A Jornada do Leito até ao Caminhar
O processo não foi uma linha reta; foi mais como escalar uma montanha com tempo com nevoeiro. Por vezes, o paciente ficava um pouco mais doente (como uma febre súbita) e a equipa tinha de fazer uma pausa e esperar que o tempo limpasse. Mas sempre que faziam uma pausa, não desistiam; apenas reavaliavam e tentavam novamente.

Ao longo de cerca de dois meses, realizaram 49 sessões de fisioterapia e 28 sessões de terapia respiratória.

  • Semana 1: Mal conseguia mover os braços.
  • Semana 3: Conseguia sentar-se na beira da cama.
  • Semana 5: Levantou-se pela primeira vez.
  • Semana 6: Deu os primeiros passos com um andarilho.
  • Semana 7: Respirou sem um tubo na garganta (descanulação).

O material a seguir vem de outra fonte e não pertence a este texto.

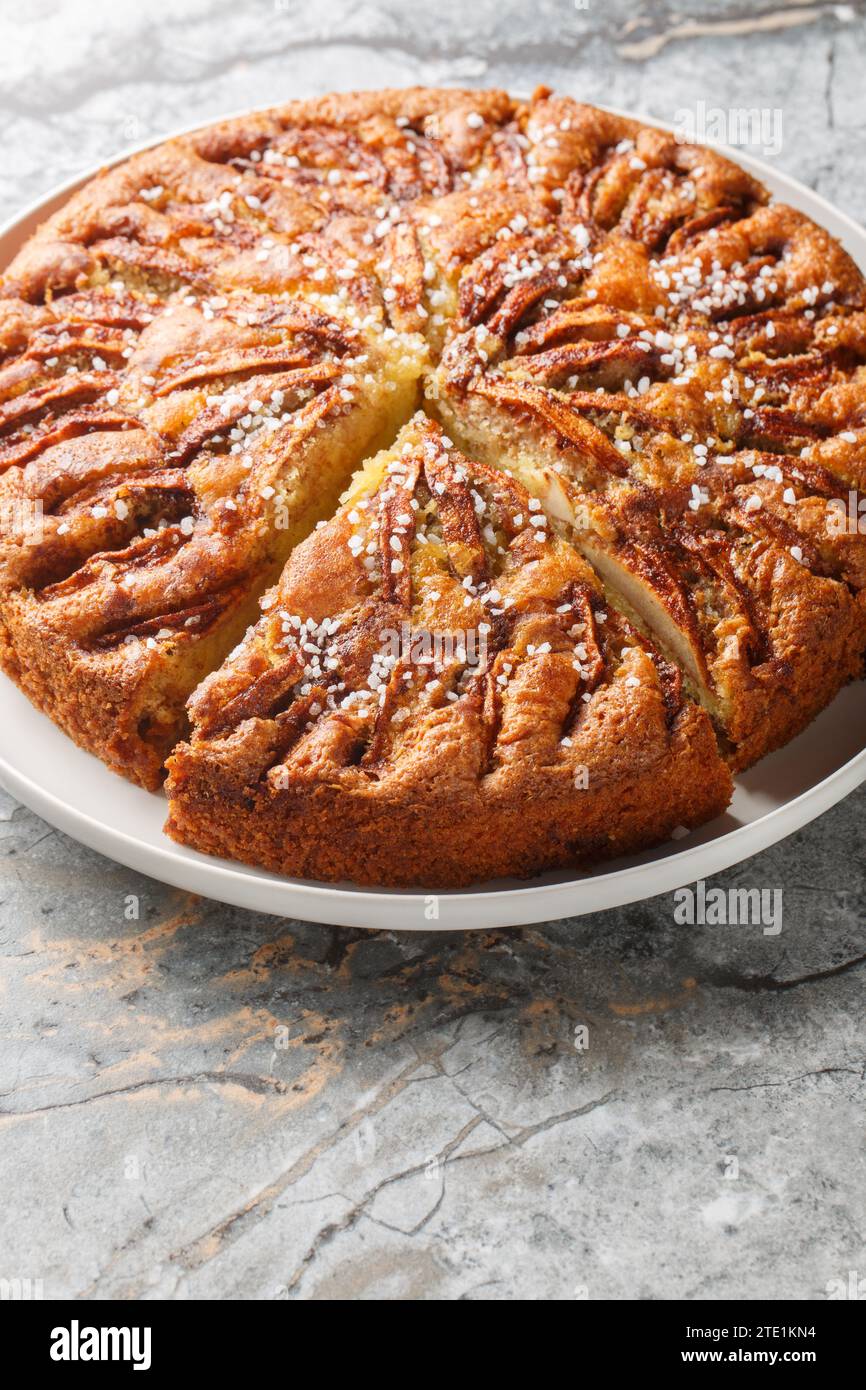 Eplekake est un délicieux gâteau aux pommes à la cannelle d'un bol qui est le genre de chose que les rêves d'automne sont faits de gros plan sur une assiette sur la table. Vertical Banque D'Images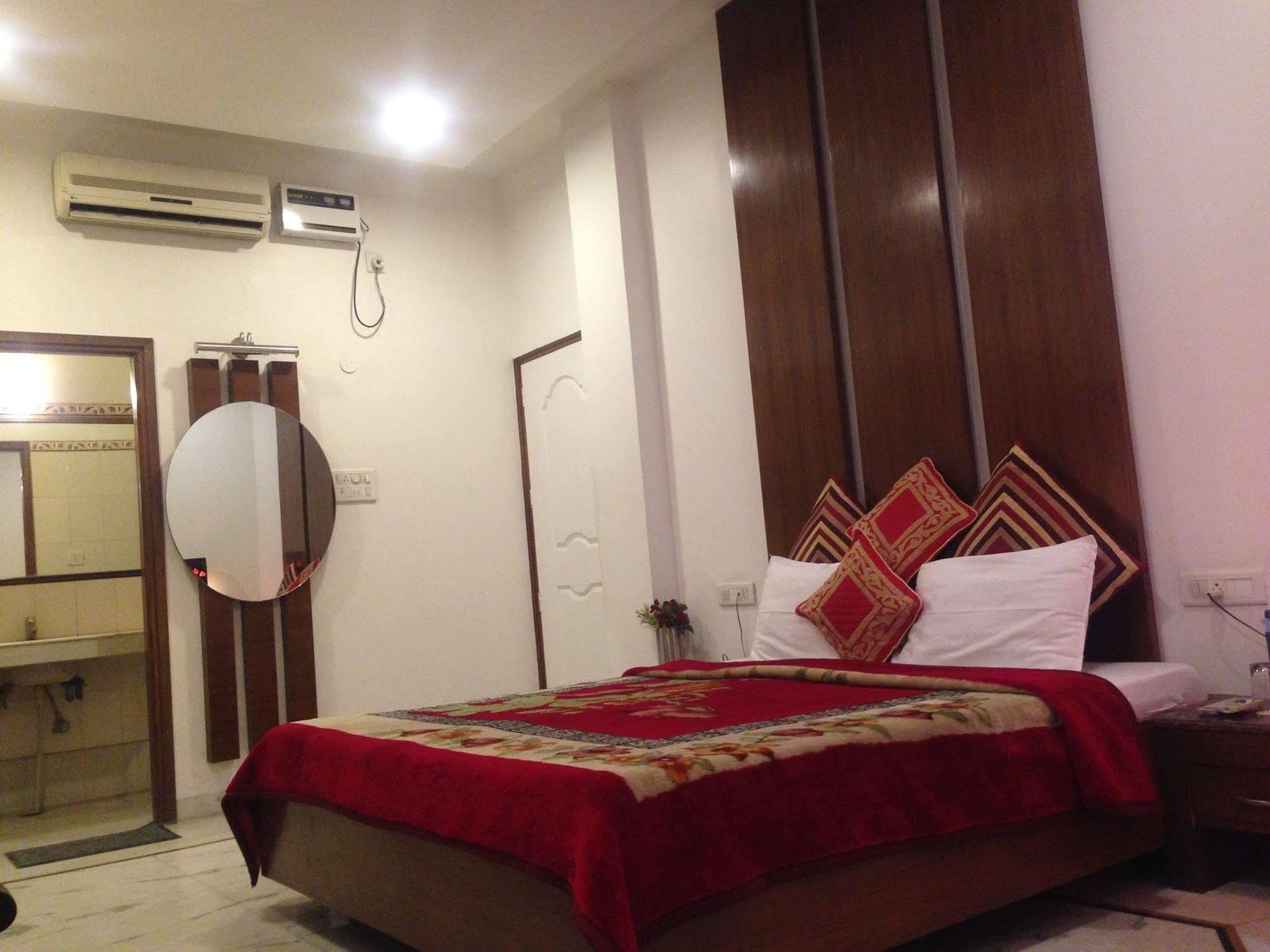 Hotel Namaskar 3*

No final, a força muscular dele passou de "muito fraca" (2 de 5) para "forte o suficiente para funcionar" (4 de 5). Passou de uma pontuação de 0 na escala de mobilidade (incapaz de se mover) para 8 (andando com um andarilho).

A Verdadeira Vitória
O artigo enfatiza que o sucesso médico — fazê-lo andar e respirar sozinho — era apenas metade da história. A outra metade era o espírito do paciente. Os autores citam o paciente a dizer: "A primeira vez que me levantei, percebi que estava vivo, não apenas a sobreviver."

A Principal Lição
A mensagem central deste artigo é simples: mesmo quando um paciente parece não ter hipóteses de recuperação, uma equipa que trabalha em conjunto, observa atentamente e está disposta a começar aos poucos pode mudar o desfecho. Não se trata de seguir um livro de regras rígido; trata-se de ter uma equipa que seja inteligente o suficiente para saber quando começar, corajosa o suficiente para tentar quando outros dizem "não", e paciente o suficiente para continuar quando as coisas ficam difíceis. Eles não apenas consertaram um corpo; eles ajudaram um homem a reencontrar a sua dignidade e esperança.